Concentrate on the core. Team connection isn’t the result of social events, even in a virtual world. Throughout the pandemic, too many organizations narrowly focused their efforts on culture building by forcing talent to endure video happy hours or other digital events that experts say went over poorly and led to disengagement. Off-site and informal meetings that bring all the workers together would fare better. However, the fundamentals should be the core concentration for managers attempting to get a handle on hybrid WFH: prioritization on productivity, work-life balance, inclusion, team support, collaboration, and maintaining strong, interactive communication between all employees, wherever they are.

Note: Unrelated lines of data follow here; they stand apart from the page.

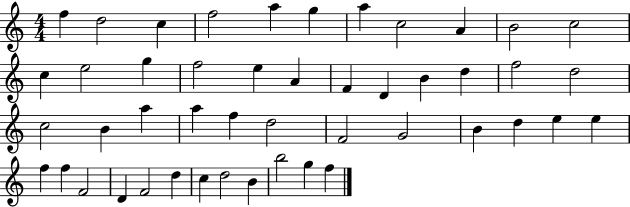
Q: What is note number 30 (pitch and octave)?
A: F4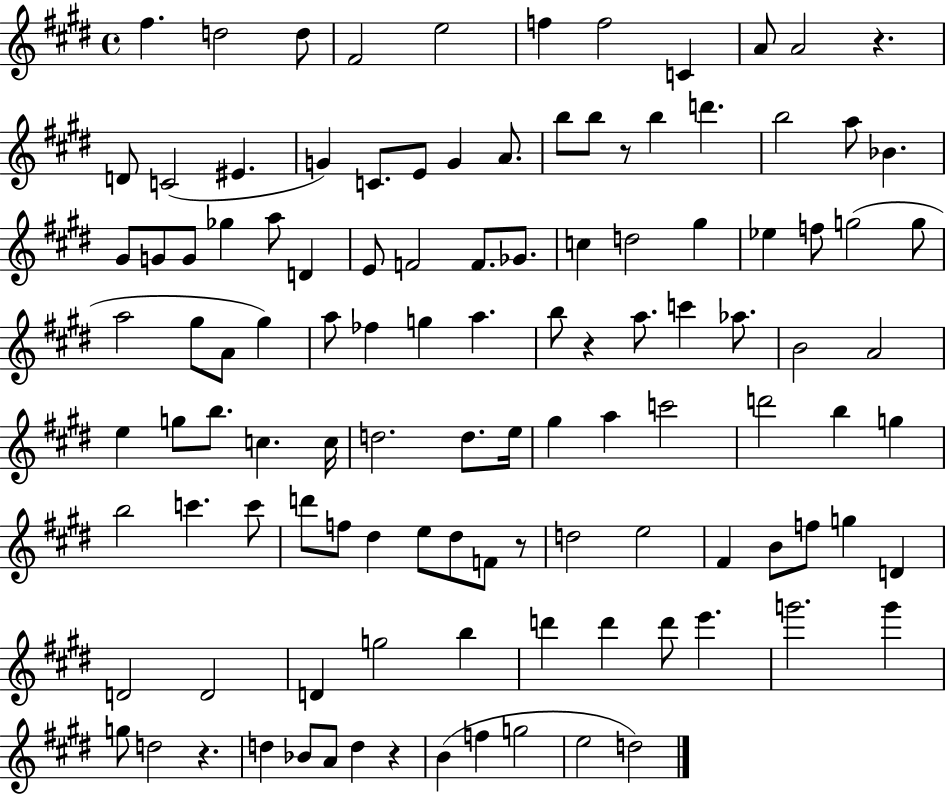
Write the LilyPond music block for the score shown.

{
  \clef treble
  \time 4/4
  \defaultTimeSignature
  \key e \major
  fis''4. d''2 d''8 | fis'2 e''2 | f''4 f''2 c'4 | a'8 a'2 r4. | \break d'8 c'2( eis'4. | g'4) c'8. e'8 g'4 a'8. | b''8 b''8 r8 b''4 d'''4. | b''2 a''8 bes'4. | \break gis'8 g'8 g'8 ges''4 a''8 d'4 | e'8 f'2 f'8. ges'8. | c''4 d''2 gis''4 | ees''4 f''8 g''2( g''8 | \break a''2 gis''8 a'8 gis''4) | a''8 fes''4 g''4 a''4. | b''8 r4 a''8. c'''4 aes''8. | b'2 a'2 | \break e''4 g''8 b''8. c''4. c''16 | d''2. d''8. e''16 | gis''4 a''4 c'''2 | d'''2 b''4 g''4 | \break b''2 c'''4. c'''8 | d'''8 f''8 dis''4 e''8 dis''8 f'8 r8 | d''2 e''2 | fis'4 b'8 f''8 g''4 d'4 | \break d'2 d'2 | d'4 g''2 b''4 | d'''4 d'''4 d'''8 e'''4. | g'''2. g'''4 | \break g''8 d''2 r4. | d''4 bes'8 a'8 d''4 r4 | b'4( f''4 g''2 | e''2 d''2) | \break \bar "|."
}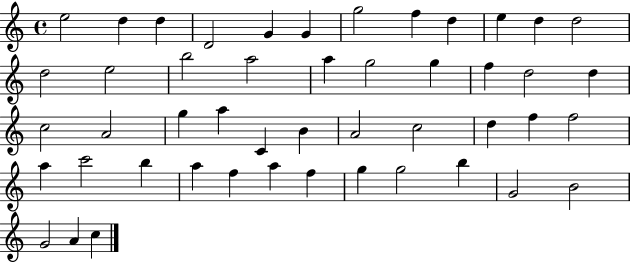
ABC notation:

X:1
T:Untitled
M:4/4
L:1/4
K:C
e2 d d D2 G G g2 f d e d d2 d2 e2 b2 a2 a g2 g f d2 d c2 A2 g a C B A2 c2 d f f2 a c'2 b a f a f g g2 b G2 B2 G2 A c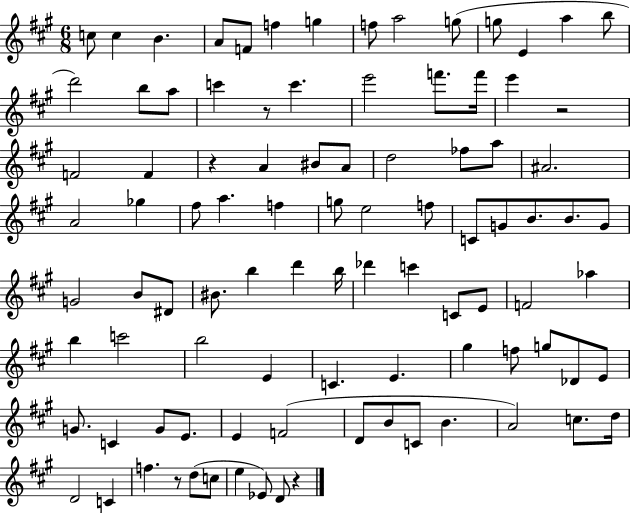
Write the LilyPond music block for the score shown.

{
  \clef treble
  \numericTimeSignature
  \time 6/8
  \key a \major
  c''8 c''4 b'4. | a'8 f'8 f''4 g''4 | f''8 a''2 g''8( | g''8 e'4 a''4 b''8 | \break d'''2) b''8 a''8 | c'''4 r8 c'''4. | e'''2 f'''8. f'''16 | e'''4 r2 | \break f'2 f'4 | r4 a'4 bis'8 a'8 | d''2 fes''8 a''8 | ais'2. | \break a'2 ges''4 | fis''8 a''4. f''4 | g''8 e''2 f''8 | c'8 g'8 b'8. b'8. g'8 | \break g'2 b'8 dis'8 | bis'8. b''4 d'''4 b''16 | des'''4 c'''4 c'8 e'8 | f'2 aes''4 | \break b''4 c'''2 | b''2 e'4 | c'4. e'4. | gis''4 f''8 g''8 des'8 e'8 | \break g'8. c'4 g'8 e'8. | e'4 f'2( | d'8 b'8 c'8 b'4. | a'2) c''8. d''16 | \break d'2 c'4 | f''4. r8 d''8( c''8 | e''4 ees'8) d'8 r4 | \bar "|."
}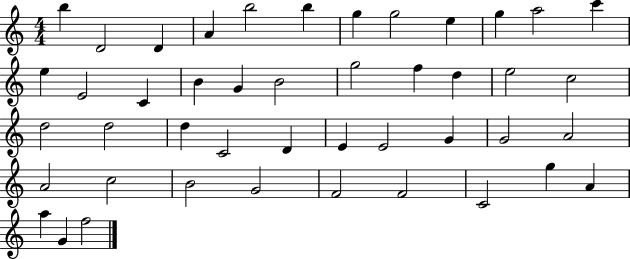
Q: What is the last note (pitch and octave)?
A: F5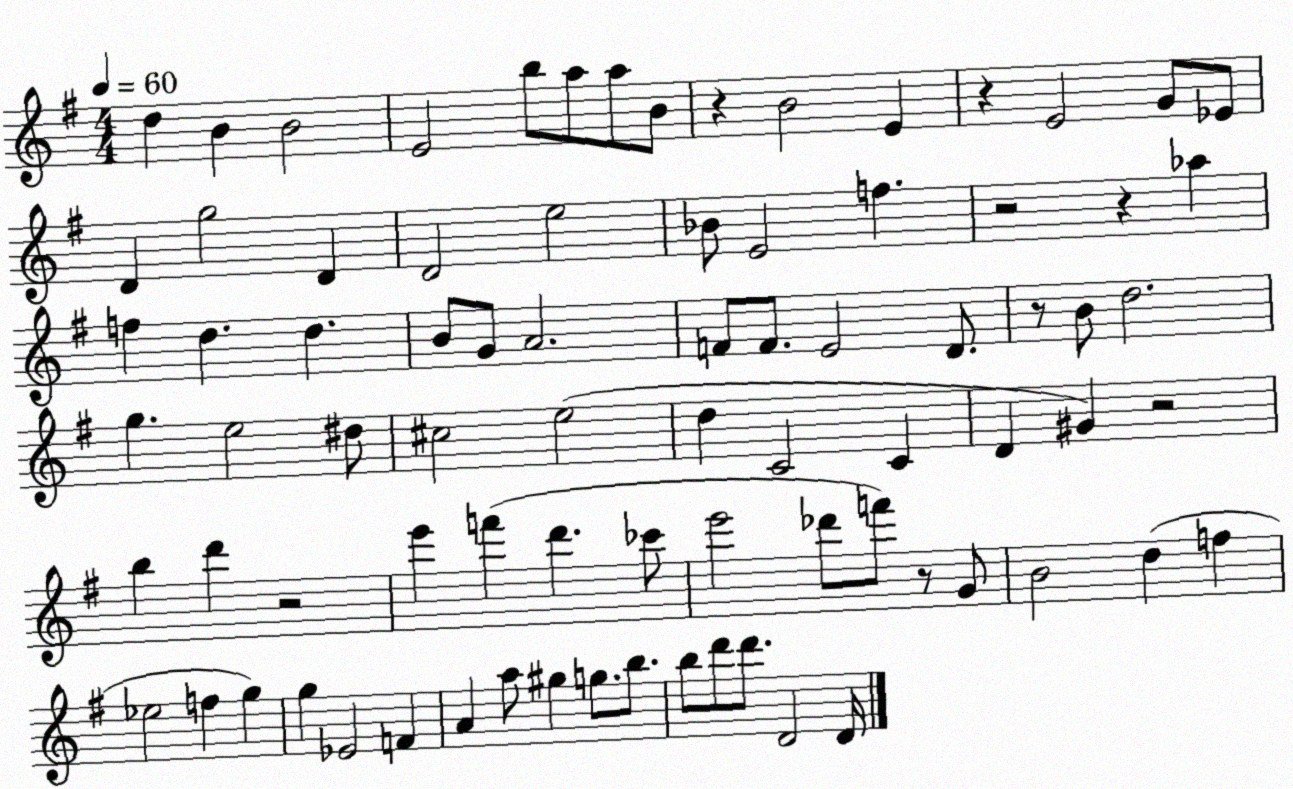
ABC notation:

X:1
T:Untitled
M:4/4
L:1/4
K:G
d B B2 E2 b/2 a/2 a/2 B/2 z B2 E z E2 G/2 _E/2 D g2 D D2 e2 _B/2 E2 f z2 z _a f d d B/2 G/2 A2 F/2 F/2 E2 D/2 z/2 B/2 d2 g e2 ^d/2 ^c2 e2 d C2 C D ^G z2 b d' z2 e' f' d' _c'/2 e'2 _d'/2 f'/2 z/2 G/2 B2 d f _e2 f g g _E2 F A a/2 ^g g/2 b/2 b/2 d'/2 d'/2 D2 D/4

Oversee onboarding. As Microsoft advised, “Make sure employee onboarding systems do not rely solely on onboarding buddies and other peer support. Position managers as the first line of support for those who are new to the company.”

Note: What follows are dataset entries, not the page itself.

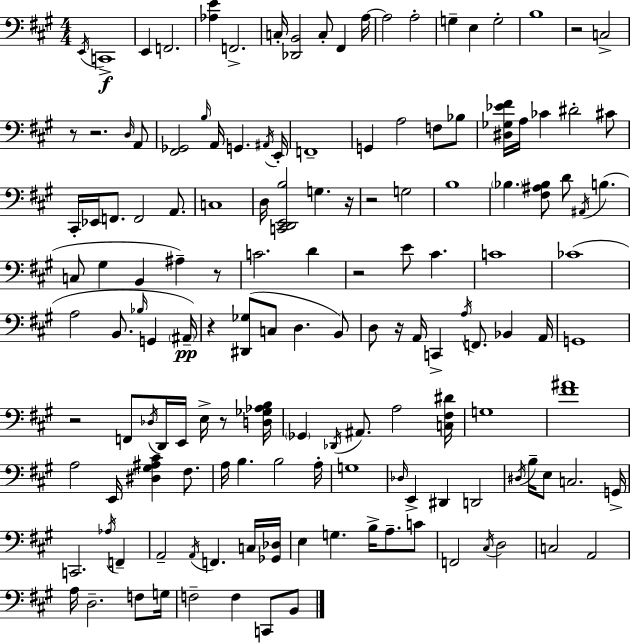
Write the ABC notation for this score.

X:1
T:Untitled
M:4/4
L:1/4
K:A
E,,/4 C,,4 E,, F,,2 [_A,E] F,,2 C,/4 [_D,,B,,]2 C,/2 ^F,, A,/4 A,2 A,2 G, E, G,2 B,4 z2 C,2 z/2 z2 D,/4 A,,/2 [^F,,_G,,]2 B,/4 A,,/4 G,, ^A,,/4 E,,/4 F,,4 G,, A,2 F,/2 _B,/2 [^D,_G,_E^F]/4 A,/4 _C ^D2 ^C/2 ^C,,/4 _E,,/4 F,,/2 F,,2 A,,/2 C,4 D,/4 [C,,D,,E,,B,]2 G, z/4 z2 G,2 B,4 _B, [^F,^A,_B,]/2 D/2 ^A,,/4 B, C,/2 ^G, B,, ^A, z/2 C2 D z2 E/2 ^C C4 _C4 A,2 B,,/2 _B,/4 G,, ^A,,/4 z [^D,,_G,]/2 C,/2 D, B,,/2 D,/2 z/4 A,,/4 C,, A,/4 F,,/2 _B,, A,,/4 G,,4 z2 F,,/2 _D,/4 D,,/4 E,,/4 E,/4 z/2 [D,_G,_A,B,]/4 _G,, _D,,/4 ^A,,/2 A,2 [C,^F,^D]/4 G,4 [^F^A]4 A,2 E,,/4 [^D,^G,^A,^C] ^F,/2 A,/4 B, B,2 A,/4 G,4 _D,/4 E,, ^D,, D,,2 ^D,/4 B,/4 E,/2 C,2 G,,/4 C,,2 _A,/4 F,, A,,2 A,,/4 F,, C,/4 [_G,,_D,]/4 E, G, B,/4 A,/2 C/2 F,,2 ^C,/4 D,2 C,2 A,,2 A,/4 D,2 F,/2 G,/4 F,2 F, C,,/2 B,,/2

Listen. Managers will have a heightened role in the hybrid model, and they’ll need to actively listen to their workers in order to gain insights that will help develop best practices processes in a more digital world. They will need to translate those insights into resources, training, and the increased care that employees will require in hybrid or remote arrangements.
Manage. Supervisors will need to remain more aware of the conversations taking place between onsite and offsite personnel to ensure that virtual harassment or feelings of alienation are curbed. That could take many forms: auditing conversations, enforcing rules to prevent gatherings that exclude those working remotely, having people buddy up on calls to provide for witnesses, or more. They also need to rely on data. Talent who are teleworking should not incur a “promotion penalty” by default. Their performance and productivity should be measured by data against their peers or established metrics. If the excuse is that WFH folks are out of touch with the office, it’s the manager’s responsibility to be communicative and transparent to help keep them in touch with the office—just as it’s the workers’ responsibility to actively solicit feedback and remain attuned to the office.
Scheduling. As Bloom opined in Harvard Business Review, allowing employees to select their own schedules for hybrid days may not solve the challenges. He recommended that “managers should decide which days their team should WFH. For example, if the manager picks WFH on Wednesday and Friday, everyone would come in on the other days. The only exceptions should be new hires, who should come in for an extra office day each week for their first year in order to bond with other new recruits.” The benefit of this, despite the expectation of push back, is encouraging coordination by ensuring that teams who work together regularly have at least two days of overlap in the office.
As with any hybrid creation, it’s difficult to gauge what the results will be once the creature is set loose, so to speak. Success will demand diligent observation, analysis, attention, and ongoing support. When workers are remote, they and their managers must still remain present.